The lack of copy/paste support was frustrating enough that I posted about it on bluesky, meme included.
Here are the reasons why this is a bad idea:
a user can’t easily use a password manager, which means your users who do use one get a degraded experience
this encourages weaker passwords; if I have to type it in, I’m going to use a shorter password and might re-use one
it frustrates your users right when you don’t want to--when they are trying to get into your application
security is not actually improved; if an attacker has compromised a user’s clipboard, it’s game over anyway (bonus you can configure most password managers to clear the clipboard)
Why might you want to allow this? I can only think of two reasons:
your compliance auditor or the specifications they reference haven’t caught up with the times (probably why someone guessed it was a bank)
you don’t trust password managers and want to discourage their use
If you are in the first bucket, I’m sorry. Please mention it to your auditor as a frustrating user experience. If you can, track paste attempts to have some data on how your users are being frustrated.

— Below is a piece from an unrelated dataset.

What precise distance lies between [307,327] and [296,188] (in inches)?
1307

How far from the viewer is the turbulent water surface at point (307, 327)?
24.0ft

If you are in the second bucket, here’s data that might change your mind. This is well-established research and newer studies still rely on decades-old findings:
From a 2014 paper, cited by a 2019 paper: “Users have too many passwords, and users have difficulty matching their passwords to accounts. These problems lead users to insecure coping mechanisms such as picking passwords that are memorable but easy for attackers to guess, reusing passwords across multiple accounts, and writing passwords down.”
From a 2012 paper, cited by a 2022 paper: “… passwords are often easy for attackers to compromise.”
From a 2024 report: “Users with password managers were less likely to experience identity theft or credential theft in the past year compared to those without (17 percent vs. 32 percent).”
Of course there are occasionally password managers that have issues, but you don’t stop sending email because some folks phish. Instead, you do your due diligence before replying. Users should do the same with a password manager.
Finally, disallowing paste is discouraged by the NIST guidelines:
Verifiers SHALL allow the use of password managers and autofill functionality. Verifiers SHOULD permit claimants to use the “paste” function when entering a password to facilitate password manager use when password autofill APIs are unavailable. Password managers have been shown to increase the likelihood that subscribers will choose stronger passwords, particularly if the password managers include password generators.
If you don’t speak NIST-ese:
verifiers are entities authenticating users
SHALL means allowing password managers is required for spec compliance
SHOULD indicates a strong recommendation
Please, stop blocking copy/paste of passwords.